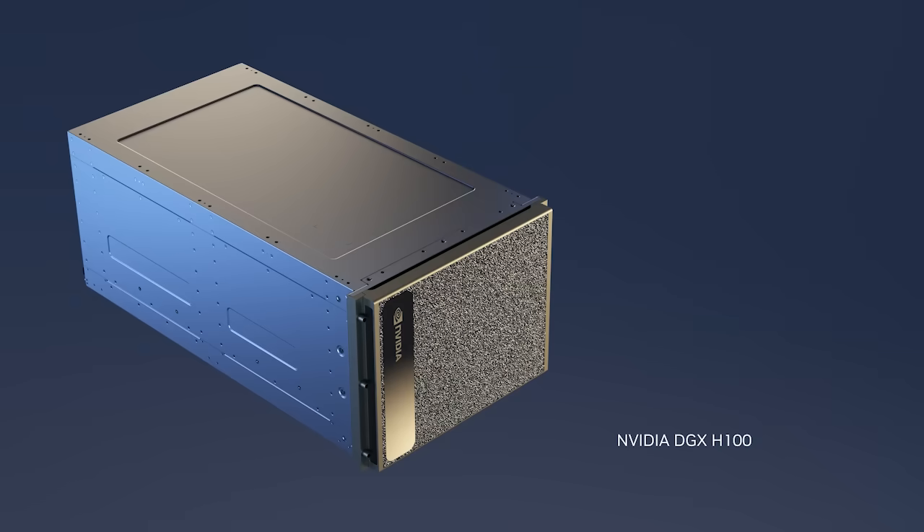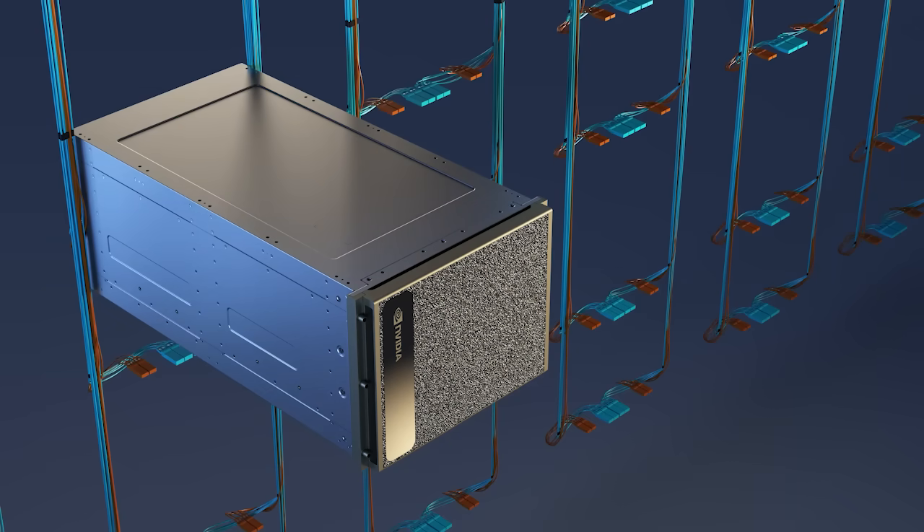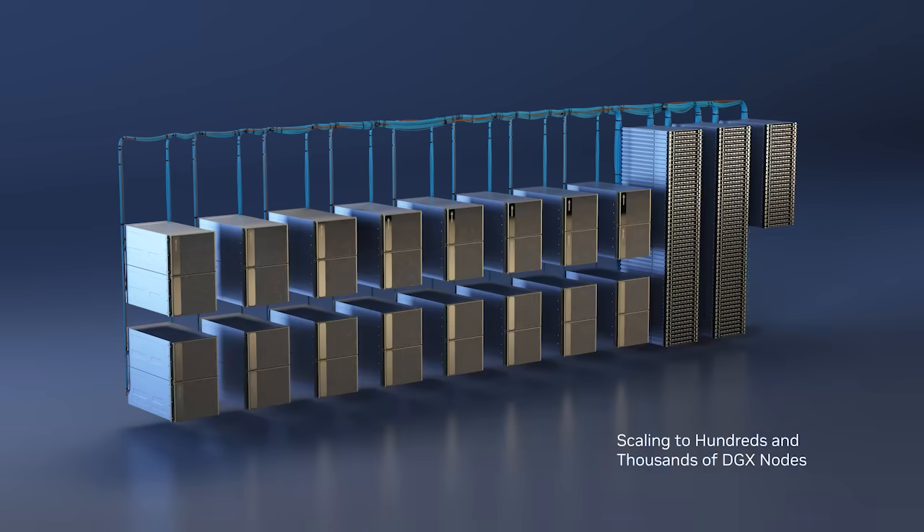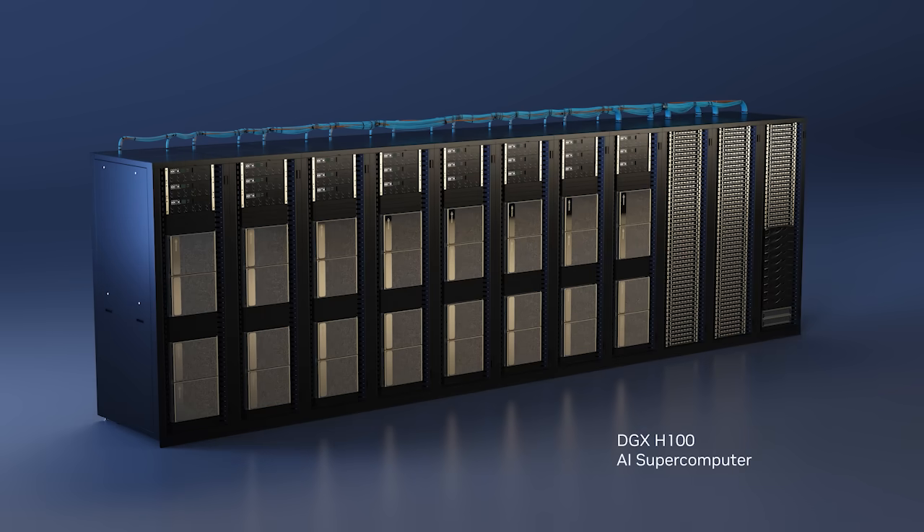The computing fabric is one of the most vital systems of the AI supercomputer. At 400 gigabits per second with ultra-low latency, NVIDIA Quantum InfiniBand within-network processing connects hundreds and thousands of DGX nodes into an AI supercomputer. NVIDIA DGX H100 is the blueprint for customers building AI infrastructure worldwide.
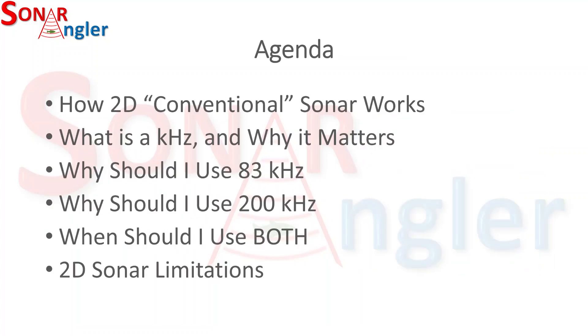So we've talked about how sonar works, we talked about kilohertz and why it matters, why you should use 83 versus 200 kilohertz and when you might want to use both — and again, I would encourage you to use both at the same time where possible. We also touched on some limitations.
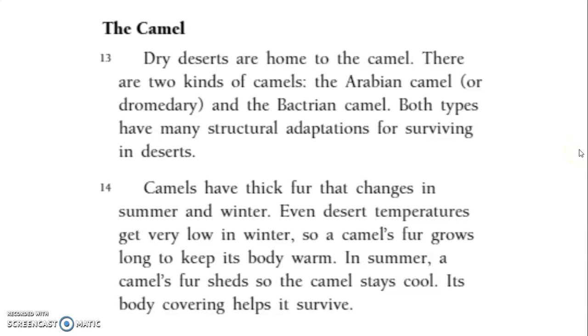The camel. Dry deserts are home to the camel. There are two kinds of camels: the Arabian camel, or dromedary, and the Bactrian camel. Both types have many structural adaptations for surviving in deserts.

——

■ EXERCISE ■
Copy the listing word for word, excluding its pictures.

■ TASK OUTPUT ■
The computing fabric is one of the most vital systems of the AI supercomputer. At 400 gigabits per second with ultra-low latency, NVIDIA Quantum InfiniBand within-network processing connects hundreds and thousands of DGX nodes into an AI supercomputer. NVIDIA DGX H100 is the blueprint for customers building AI infrastructure worldwide.
So we've talked about how sonar works, we talked about kilohertz and why it matters, why you should use 83 versus 200 kilohertz and when you might want to use both — and again, I would encourage you to use both at the same time where possible. We also touched on some limitations.
The camel. Dry deserts are home to the camel. There are two kinds of camels: the Arabian camel, or dromedary, and the Bactrian camel. Both types have many structural adaptations for surviving in deserts.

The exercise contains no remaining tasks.